Increasing the number of species any higher than three creates even more difficulties. The rates of change of each of the populations are easy enough to write, but in trying to solve them we come across an issue. Any case in which all species survive is chaotic. That means that it is impossible to come up with equations for the populations of the species over time they can only be determined numerically using computers.

These types of mathematical models aren’t just limited to simulating ecosystems though. They have many uses including simulating the spread of an infectious disease the SRI (Susceptible, Infectious, Recovered) model [3, pp. 10251044]. This was obviously a fairly important topic a few years ago as scientists were trying to predict just how much of an issue the COVID-19 pandemic was going to be. All of that is to say mathematical modelling is a cornerstone of research which is often overlooked by the public is favour of computer models these are often based on mathematical models anyway!

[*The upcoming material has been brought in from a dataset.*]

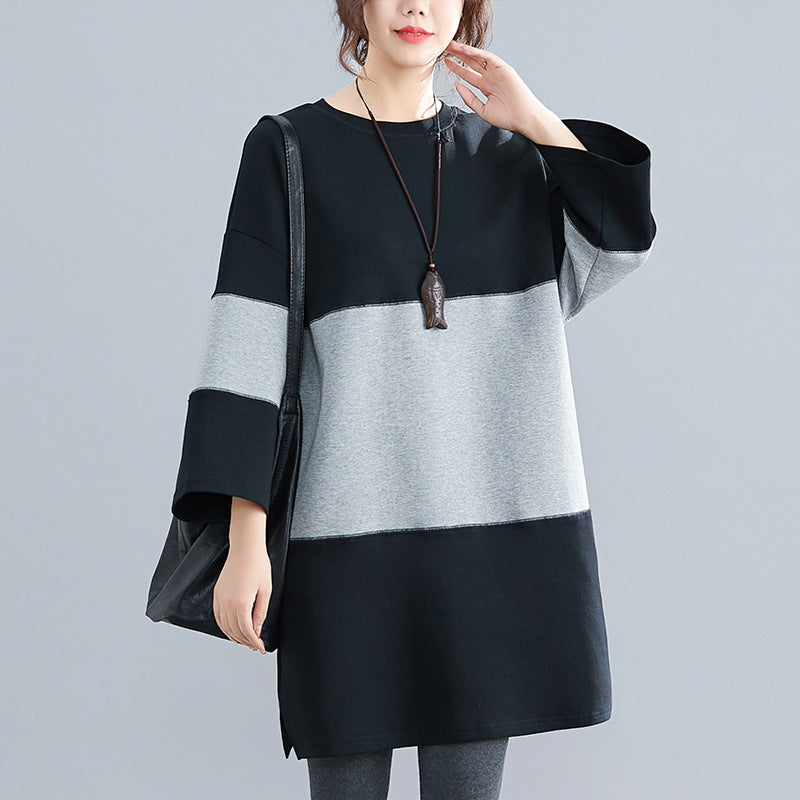 Large Size Stitching Loose Padded Sweater Dress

[1] GeeksforGeeks, “Lotka-Volterra Model of Predator-Prey Relationship.” Accessed: 2025. [Online]. Available: https://www.geeksforgeeks.org/biology/lotka-volterra-model-of-predator-prey-relationship/

[2] E. W. Weisstein, “Lotka-Volterra Equations.” Accessed: 2025. [Online]. Available: https://mathworld.wolfram.com/Lotka-VolterraEquations.html

[3] A. S. Mata and S. M. P. Dourado, “Mathematical modeling applied to epidemics: an overview,” vol. 15, no. 2, pp. 10251044, Dec. 2021, doi: 10.1007/s40863-021-00268-7.

15100

Engaging start and good ending line. It has a clear example with a good amount of detail, and a clear description of the graph shape. For a couple of extra marks, you could add an example for the 3 or more species model.

Overall, it has a good amount of detail and an easy-to-understand writing style. Well done.

90561

Great readability with the mix of lay terms and higher level reading. Approachable structure is nice with things like the bullet point helping a lot. Overall very concise while keeping scientific. Nice job!

62451

1, Blogs overall presentation: The overall layout is really clear and well thought out, the title, name of speaker and date are all mentioned throughout the introduction, which was a nice way to do it instead of just writing them at the top of the page and then continuing the essay. However, there was no title for the blog itself. There is also good grammar throughout as well. 2/3

2, Accuracy of reporting the seminars take home message: The message that Helen was trying to get across through the seminar has been clearly and thoughtfully explained through this blog. 3/3

3, Accuracy of contextualisation for the research: The accuracy for the contextualisation is well done for the research and shows that the writer knows the research behind the topic however the social contextualisation could be more in depth and added to a bit more. 2/3

4, Additional research and use of external sources: There is additional research done in this blog however there was no use of a direct quotation. 2/3

5, Writing style and level for audience: The blog is written in a way for people who have minimal knowledge to be able to understand and then gain some sort of understanding of the topic while also giving more advanced detail to those who wanted more knowledge. 3/3

Overall: 12/15, very well written blog with a few minor adjustments through it.

42890

This blog is accurate and written well. It is suitable for a lay audience and despite not having a direct quote, reads fluently and is engaging.

82157

The article is very engaging to the reader by using real world examples to help portray the concept of the Lotka -Volterra model. You haven’t included any equations which I believe to be a good thing as it shows that you understand the audience of the blog post, which is supposed to be layman.

Overall gets the message across clearly to a wide range of audiences and flows well!